→ Your instructions: I would like the lines below, from the one with "this 640×480 image." through the one with "this 1200×800 image.", copied exactly and without any pictures.

→ Information provided:
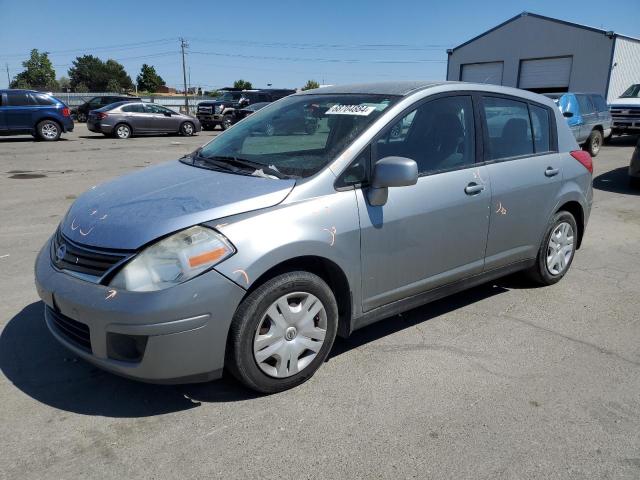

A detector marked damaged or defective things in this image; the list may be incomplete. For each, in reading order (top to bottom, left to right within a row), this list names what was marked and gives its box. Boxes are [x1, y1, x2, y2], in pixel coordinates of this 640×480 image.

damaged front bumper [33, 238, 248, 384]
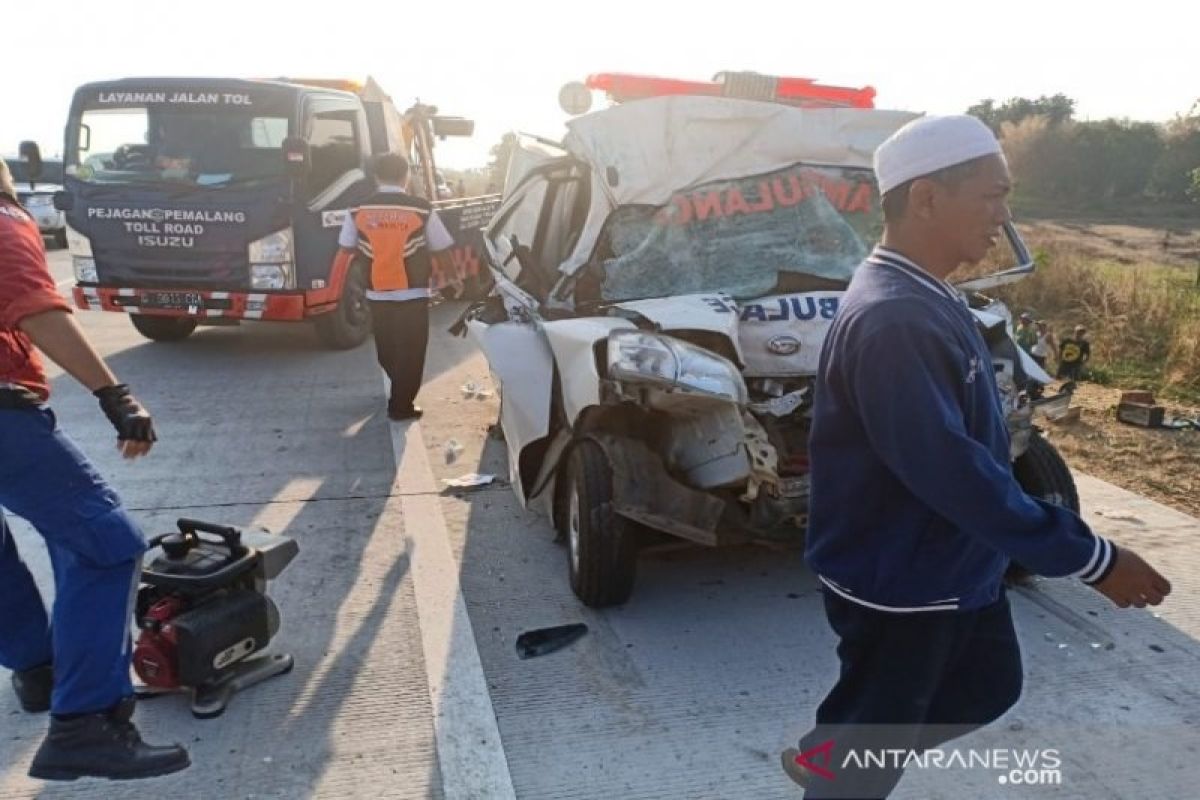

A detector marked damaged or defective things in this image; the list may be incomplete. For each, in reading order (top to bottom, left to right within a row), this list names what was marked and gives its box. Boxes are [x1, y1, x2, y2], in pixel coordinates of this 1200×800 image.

---

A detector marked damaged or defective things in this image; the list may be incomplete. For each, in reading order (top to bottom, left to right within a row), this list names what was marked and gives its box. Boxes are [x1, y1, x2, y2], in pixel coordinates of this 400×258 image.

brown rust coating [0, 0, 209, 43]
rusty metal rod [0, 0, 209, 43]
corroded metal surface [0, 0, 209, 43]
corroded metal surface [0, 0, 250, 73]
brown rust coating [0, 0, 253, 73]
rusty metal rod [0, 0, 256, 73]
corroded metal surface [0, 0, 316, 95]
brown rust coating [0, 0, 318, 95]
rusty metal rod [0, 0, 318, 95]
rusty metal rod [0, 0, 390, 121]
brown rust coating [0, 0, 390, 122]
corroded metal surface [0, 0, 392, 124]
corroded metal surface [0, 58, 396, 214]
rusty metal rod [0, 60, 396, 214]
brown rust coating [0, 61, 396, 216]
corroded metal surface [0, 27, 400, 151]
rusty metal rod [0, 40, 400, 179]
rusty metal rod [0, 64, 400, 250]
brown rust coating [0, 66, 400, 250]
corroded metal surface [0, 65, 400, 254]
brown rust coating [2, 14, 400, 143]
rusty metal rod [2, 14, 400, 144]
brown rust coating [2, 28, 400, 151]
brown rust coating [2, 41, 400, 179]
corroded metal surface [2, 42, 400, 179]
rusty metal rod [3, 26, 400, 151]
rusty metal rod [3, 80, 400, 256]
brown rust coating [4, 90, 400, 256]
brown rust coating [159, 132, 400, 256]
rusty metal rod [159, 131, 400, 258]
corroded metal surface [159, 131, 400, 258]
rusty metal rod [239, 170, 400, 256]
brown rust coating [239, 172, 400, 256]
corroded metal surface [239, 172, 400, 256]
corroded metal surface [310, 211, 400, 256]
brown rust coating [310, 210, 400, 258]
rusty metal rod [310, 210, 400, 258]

→ Answer to the problem:
A detector marked damaged or defective things in this image; the list may be incomplete. For each, in reading order (top to bottom, left to right within a row), this list names what was marked and gives its box. Boxes are [x1, y1, x2, y2], in pixel coordinates of this 640×480 image.

damaged front bumper [33, 238, 248, 384]

A detector marked damaged or defective things in this image; the list may be incomplete. For each, in reading order (top to bottom, left to right within a row), this list names what was marked and gives its box. Boxes are [x1, y1, x2, y2], in pixel coordinates of this 1200×800 image.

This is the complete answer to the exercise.